Skip to content

chunkshop 0.9.1

Latest

Choose a tag to compare

@github-actions github-actions released this 09 Jun 14:30
7adfa2e

Fixes a regression introduced by 0.9.0's path-less language detection (#69):
generated and minified files that 0.8.3 skipped were being symbol-parsed,
flooding downstream consumers with chunks and OOM-ing them (pg-raggraph#79,
bento). Python-only; the Rust crate is a lockstep version bump with no
functional change.

Fixed

  • symbol_aware no longer over-parses generated / minified files (#71).
    0.9.0's content heuristic started classifying machine-emitted files as code
    that 0.8.3 skipped. A 143 KB generated .ts (3,000 trivial functions) became
    3,000 symbol chunks; consumers that embed every chunk OOM'd. Two complementary
    guards:

    • Content-detection guard (path-less only).
      detect_language_from_content now returns None for files that look
      machine-emitted — an @generated / sourceMappingURL marker, or a minified
      (very long, >2000-char) line — so they fall back to sentence_aware
      (bounded) instead of being symbol-parsed.
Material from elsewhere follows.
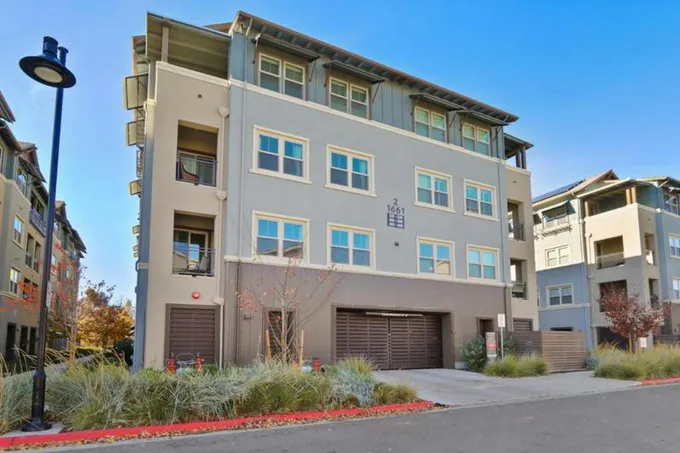 1661 SPRING ST UNIT 325, Davis, CA 95616 Condominium For Sale  MLS# 223116241 for Rent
Explicit signals (cfg.language,
      metadata['language'], a real path) bypass the guard, so a caller can
      still force such a file through.
    • Per-file symbol-chunk cap. When a document would emit more than
      max_symbols_per_file symbol chunks, the chunker logs a warning and falls
      back to sentence_aware with fallback_reason="too_many_symbols". Catches
      pathological generated files regardless of how the language was resolved.

    Under defaults, the 2,500-function generated .ts now yields 62 bounded
    chunks (was 2,500) and a 46 KB minified one-liner yields 23; normal code is
    untouched.

Added

  • SymbolAwareChunker.max_symbols_per_file (default 2000, null to
    disable, must be >= 1) — caps symbol chunks per document. The default
    catches generated files while leaving even very large hand-written sources
    alone (real code rarely exceeds a few hundred top-level symbols).